Postcard Dispatched from European Space Tech Centre

Dr Stefania Soldini is a Senior Lecturer (Assoc. Prof) in Space Engineering with the School of Engineering.

She and her team visited the European Space Agency's European Space Research and Technology Centre (ESTEC) in the Netherlands to attend a workshop ahead of the October launch of Hera, the first European planetary defense mission to the binary asteroid Didymos:

I am astrodynamicist co-Investigator of the science team for the European Space Agency (ESA) Hera mission.

Hera is a planetary defense mission that is scheduled to be launched in October 2024. The mission plans to visit Didymos binary asteroid for measuring the outcome of the NASA's DART mission kinetic impactor test to deflect the path of an asteroid in space.

I was previously a member of the DART's science team and worked on predicting the scale of the impact in term of the extra push from ejected asteroid material.

My team visited the ESTEC facility in Noordwijk, the Netherlands, to attend the last Hera community workshop before the mission launch in October 2024.

The workshop was to discuss the latest update in the mission operations of the spacecraft and the development status of the spacecraft which is now in the building and integrating phase.

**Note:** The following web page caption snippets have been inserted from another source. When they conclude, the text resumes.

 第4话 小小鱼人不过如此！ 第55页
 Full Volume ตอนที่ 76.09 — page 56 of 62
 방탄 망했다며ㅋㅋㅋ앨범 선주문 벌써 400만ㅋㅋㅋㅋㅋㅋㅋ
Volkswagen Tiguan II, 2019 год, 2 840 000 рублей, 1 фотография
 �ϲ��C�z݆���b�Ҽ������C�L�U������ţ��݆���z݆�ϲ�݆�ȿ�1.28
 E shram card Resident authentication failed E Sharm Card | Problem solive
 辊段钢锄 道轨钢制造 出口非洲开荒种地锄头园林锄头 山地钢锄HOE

We had the chance to visit the ESTEC's laboratories specifically the assembled spacecraft which was particularly exciting. This workshop served to bring together the all science team to discuss coordinate and finalizing the interfaces between the working groups.

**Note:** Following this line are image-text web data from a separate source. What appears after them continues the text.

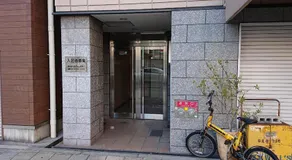 Nakayoshi Stay 201 - Image 2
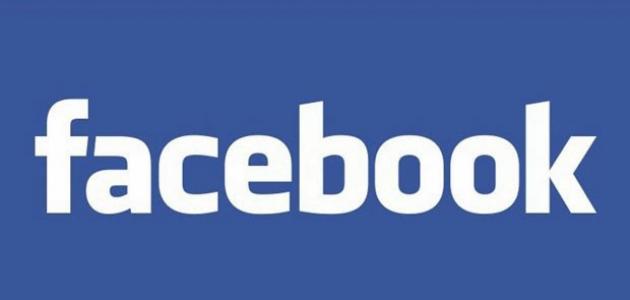 كيفية طلب صداقة على الفيس بوك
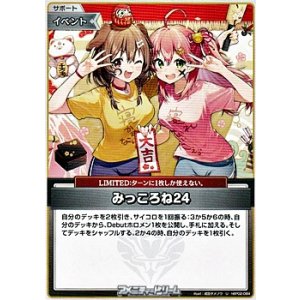 画像: 【U】みっころね24(4弾収録)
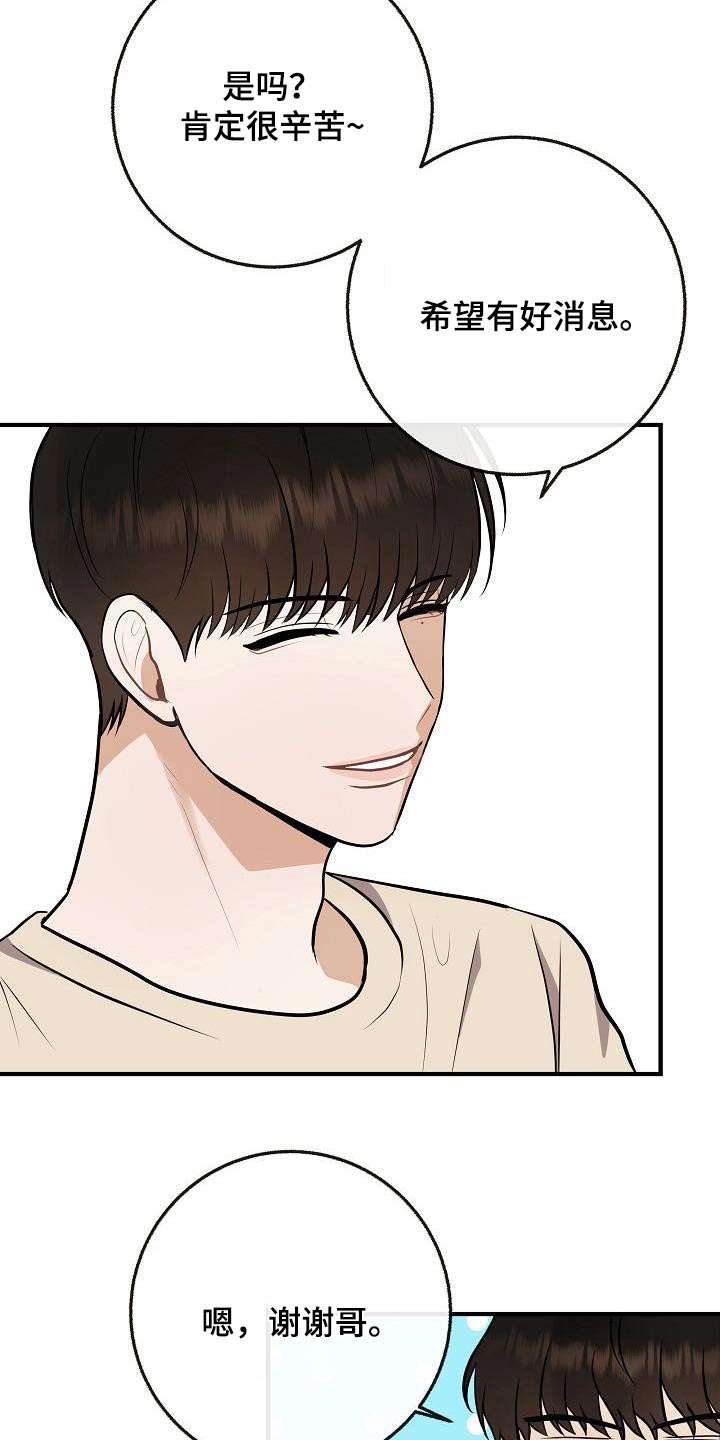 落跑甜心24漫画,第107章：【第二季】味道1图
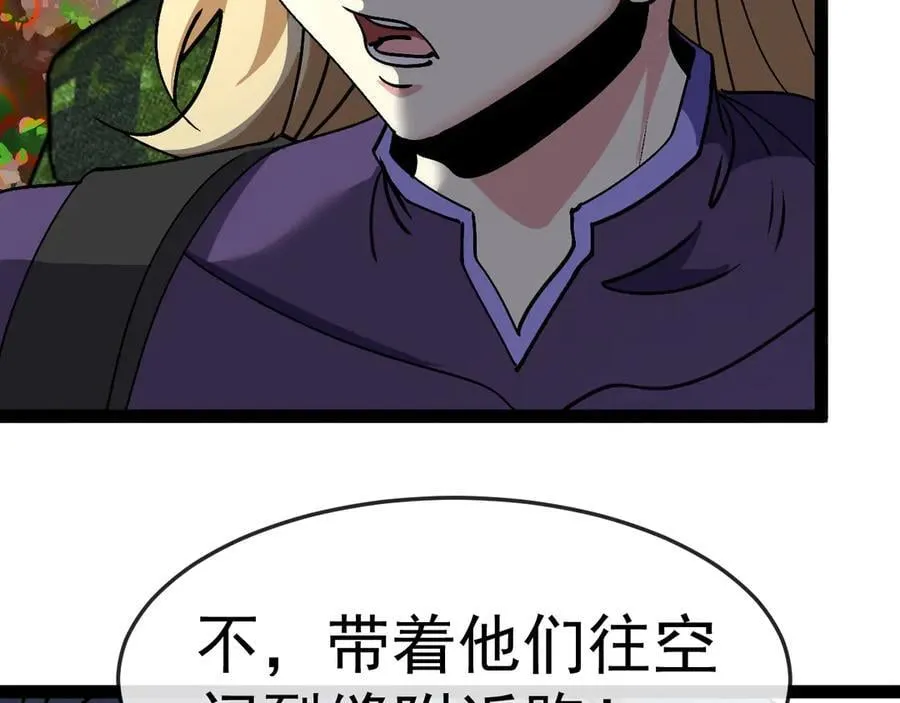 第179话 紫电门大长老来袭 第99页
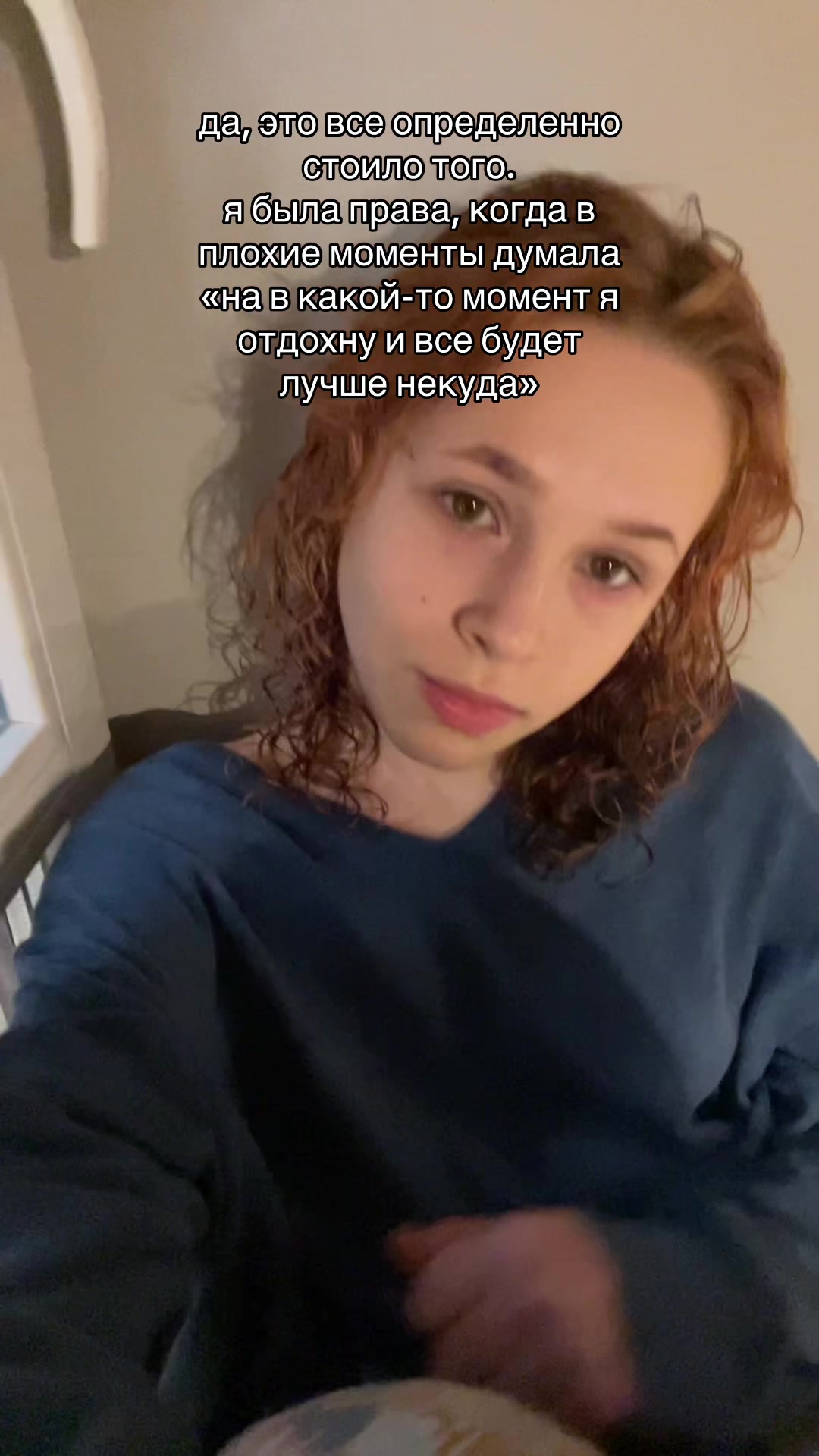 @любасек🍓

It is an exciting mission because the spacecraft will have much more time than DART to really explore the binary asteroid system (Didymos and Dimorphos).

Moreover, the spacecraft will be carrying two CubeSats to enhance the science but also to demonstrate the use of low-cost spacecraft beyond Earth's application.

The use of microsat for asteroid exploration links to my UKRI funded REMORA project (REndezvous Mission for Orbital Reconstruction of Asteroids: a fleet of self-driven CubeSats for tracking and characterising asteroids) on a new mission concept idea to use low-cost cubesats as a new asteroid tracking system.

As meamber of the dynamics group, I had the chance to present my team research work on NASA's DART post impact ejecta and what environment we expect to find once the Hera spacecraft gets there.

The Hera workshop has also provided with the opportunity to meet with Liverpool alumnus Dr Matt Taylor during the cocktail dinner at ESTEC. It has been so inspiring for me and my team to meet with Matt and discuss science and mission exploration to small celestial bodies.

Matt is Space Plasma Physicist at ESTEC and his research work focuses on Heliophysics and space plasmas, particularly at the Earth's magnetosphere. It was great to connect with Matt and discuss possible opportunities for our university students.